President Biden signed the American Rescue Plan Act on March 11, 2021. In addition to the stimulus payment, this plan contains some tax credits that should be considered by parents divorcing this year.
The Child Tax Credit
• The plan increases the Child Tax Credit from $2,000 to $3,000 per child – $3,600 for any child under the age of 6 – for tax year 2021 only.
• The plan provides for children under the age of 18 at year-end – as opposed to 17 under the current plan – to qualify for the credit for tax year 2021.
• For 2021 only, the credit is fully refundable, even to those with no taxable income • The 2021 credit starts phasing out for single filers at $75,000, for head of household filers at $112,500, and for joint filers at $150,000.
• The American Rescue Plan Act requires that half of the Child Tax Credit be paid in advance, meaning that payments for 2021 should be paid between July and December 2021 with six monthly payments. Eligibility for the credit will, in the first instance, be based on 2020 tax returns.
• This credit can be taken by the parent who claims the child(ren) as a dependent.
The Child Care Credit
• This credit – for a percentage of costs paid for childcare for a child under age 13 to allow a filer to work or seek work – is temporarily increased for 2021 to allow a tax filer to deduct up to 50%, depending on income, of childcare expenses up to $8,000 for one child and $16,000 for two or more children.
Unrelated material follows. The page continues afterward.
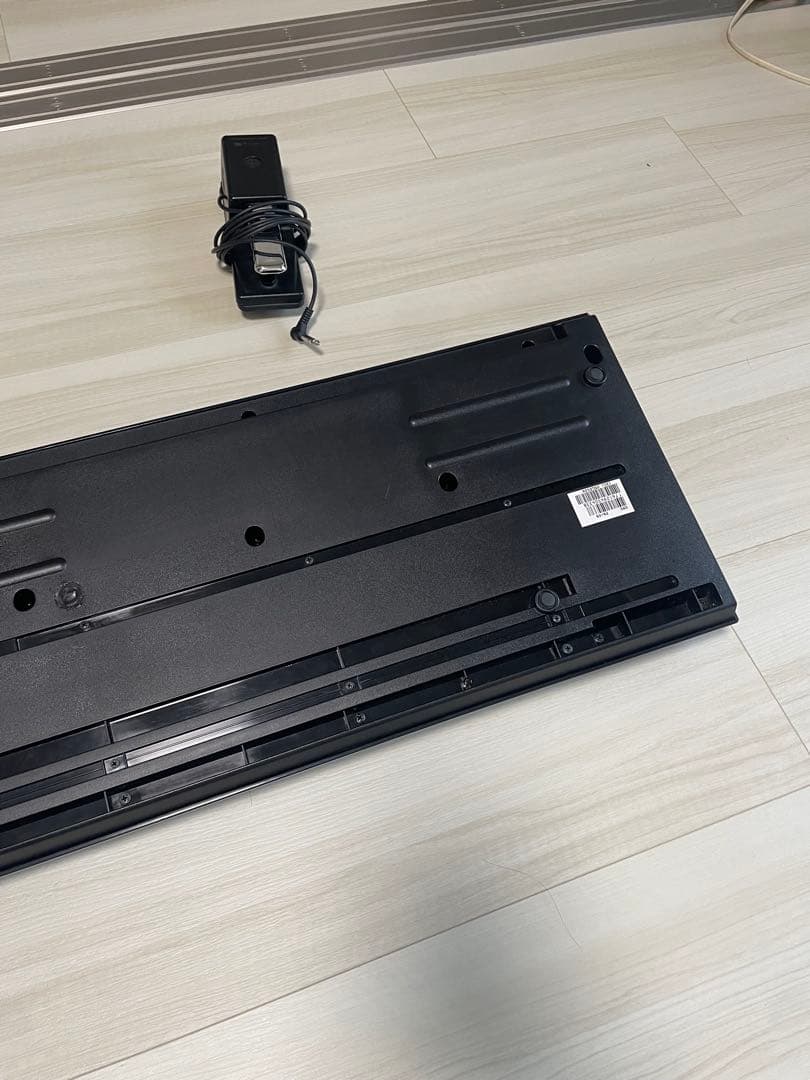 【値下げ可能】Roland FA-06 シンセサイザー 61鍵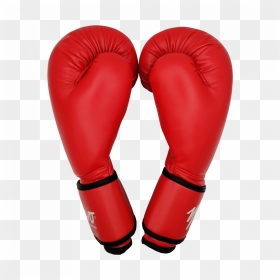 Boxing Glove , Png Download - Guantes De Box Png, Transparent Png - boxing glove png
This is a significant increase over the $3,000 for one child and $6,000 for two or more children under the present law.
• For 2021 only, the Child Care Credit is fully refundable, even for those who do not owe any tax.
• The phase-out for the Child Care Credit has been changed for 2021 only and goes to zero for those earning more than $440,000.
• This credit can be claimed by the parent with whom the child(ren) lived for a greater number of nights in the calendar year.
If you are in the process of negotiating a divorce agreement, do not forget to consider the tax credits for 2021.